Even less than lethal cosmic rays can add up over time.

Sutter writes: ‘It’s estimated that Earth to Mars travelers, without proper shielding, would lose about five percent of their cells to slower cosmic rays during the voyage. Five percent, including skin cells, heart cells, and precious brain cells.

‘If the sun throws a coronal mass ejection event at you when you’re among the planets, it ends quickly.

‘Instead of just slowly raising your risk of generating a cancer, it gives you acute radiation poisoning, and within a few days or even hours your internal organs simply fall apart.

‘First comes the nausea and vomiting. Then the diarrhea. Maybe just a bad stomach flu, right? But then comes the severe headaches and the fever.

‘Nasty, but survivable, right? Then the tremors, seizures, and lethargy, as your central nervous system shuts down. Then mortality’.

Another eye opening part of the book is when Sutter describes what happens when you get sucked into a black hole.

Black holes are a puncture in spacetime itself and a point of infinite density, where all the matter gets compacted into a tiny point known as the singularity.

They have gravitational fields that are so strong that not even light can escape them.

Sutter describes what would happen to a fictional astronaut called Alice who gets sucked in – her feet and her head fall at different speeds so she is gradually torn apart.

He writes: ‘The combined effects – pulling and squeezing – mean that Alice isn’t going to last long.

‘The gravitational effects will become extreme enough to rip apart just about any atomic bond about one-tenth of a second before you strike the black hole.

‘The original Earth-based scientists who discovered this effect must have been in a lighthearted mood that day, since the totally legit, 100 percent scientific technical term for this effect is spaghettification. Come la pasta, as the Italians would correctly observe’.

Sutter files wormholes and hostile aliens in the ‘speculative threats’ section of the book which deals with things commonly seen in science fiction movies.

So little is known about wormholes that it is impossible to say if you would survive one, let alone travel back in time as some films have suggested.

This is a close-up view of a comet between Mars and Kupiter, called 67P/Churyumov-Gerasimenko

This is a close-up view of a comet between Mars and Kupiter, called 67P/Churyumov-Gerasimenko

The book raises the possibility that moons within our solar system might be home to alien life because they have water on them.

Europa, Enceladus and Ganymede have icy surfaces but hot cores and, in some cases, more liquid water than the Earth has.

On Titan there are lakes, rivers and streams of methane and hydrocarbons and a temperature of -179 degrees Celsius, but that doesn’t mean there couldn’t be life.

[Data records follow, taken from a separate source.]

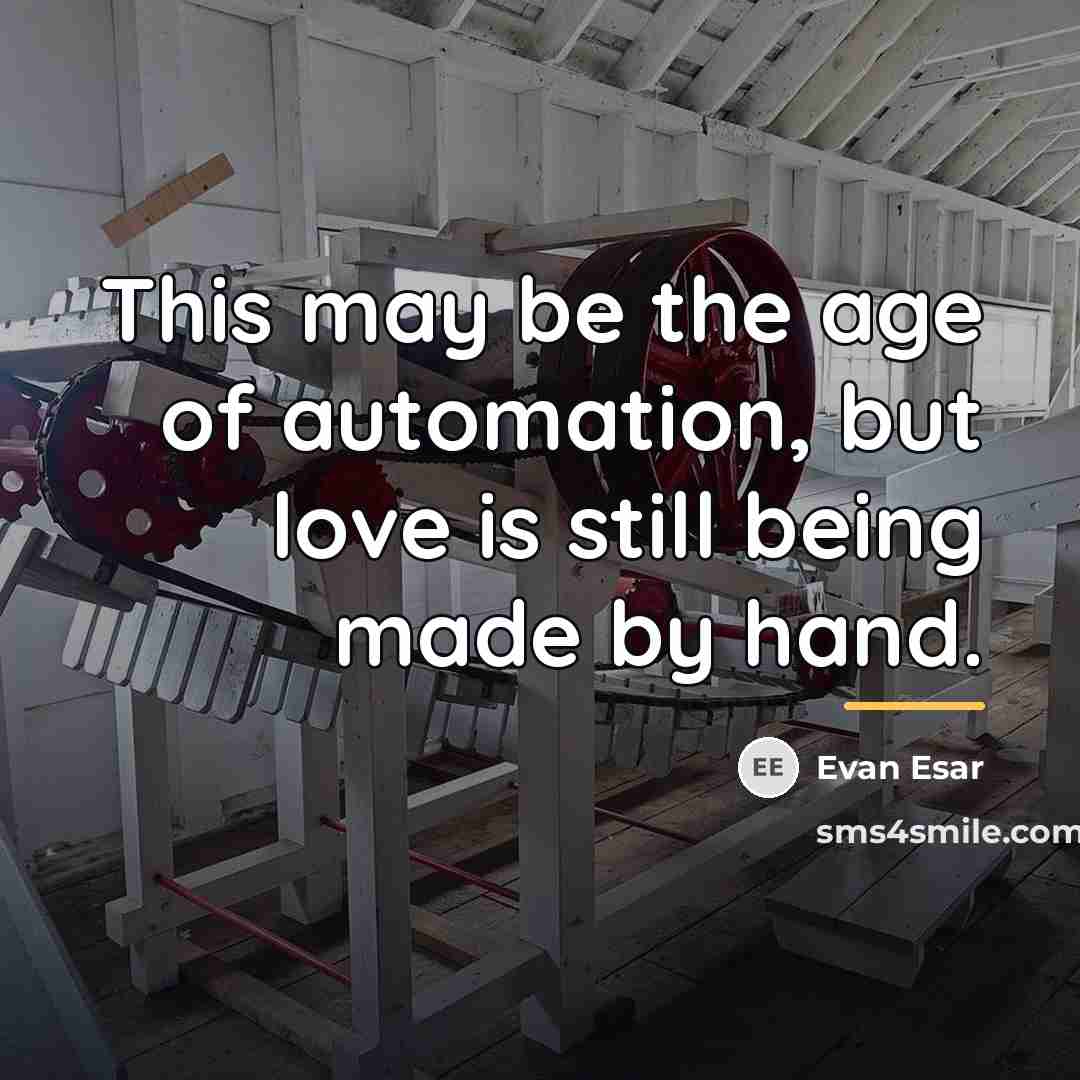 “This may be the age of automation, but love is…” quote by Evan Esar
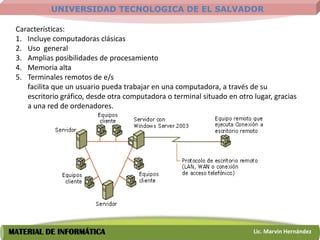 UNIVERSIDAD TECNOLOGICA DE EL SALVADOR

 Características:
 1. Incluye computadoras clásicas
 2. Uso general
 3. Amplias posibilidades de procesamiento
 4. Memoria alta
 5. Terminales remotos de e/s
    facilita que un usuario pueda trabajar en una computadora, a través de su
    escritorio gráfico, desde otra computadora o terminal situado en otro lugar, gracias
    a una red de ordenadores.




MATERIAL DE INFORMÁTICA                                                   Lic. Marvin Hernández
 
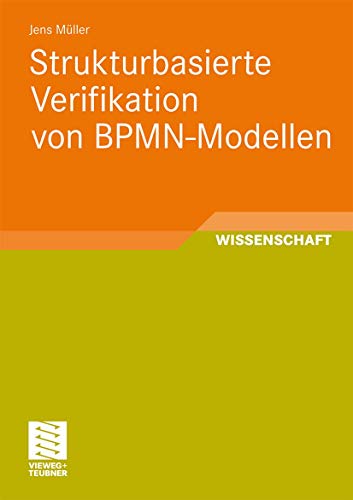 Strukturbasierte Verifikation von BPMN-Modellen von Vieweg+Teubner Verlag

Other possible dangers include some kind of ‘cosmological defect’, or a wrinkle in the fabric of spacetime such as a cosmic string.

They are no thicker than a single proton, they have no mass but have enormous amounts of mass.

Sometimes two cosmic strings can get wrapped around each other like ‘giant lightsabers clashing’, causing vibrations that are so intense they create gravitational waves.

Scientists do now know how exactly they work but Sutter is clear about one thing – steer well clear of them.

Despite all of these dangers, even Sutter has to admit that part of him would like to go into space.

He writes: ‘I have to let you in on a little secret. The universe is a dangerous place, that much I’ve made abundantly and painfully clear.

‘But it’s also beautiful. Sublime. Exotic. Wonderful. Thought-provoking. It’s a canvas painted with the brilliant hues of matter and energy.

‘Physics is the brush. For centuries the heavens have called to us. As we peel back the mysteries new ones emerge’.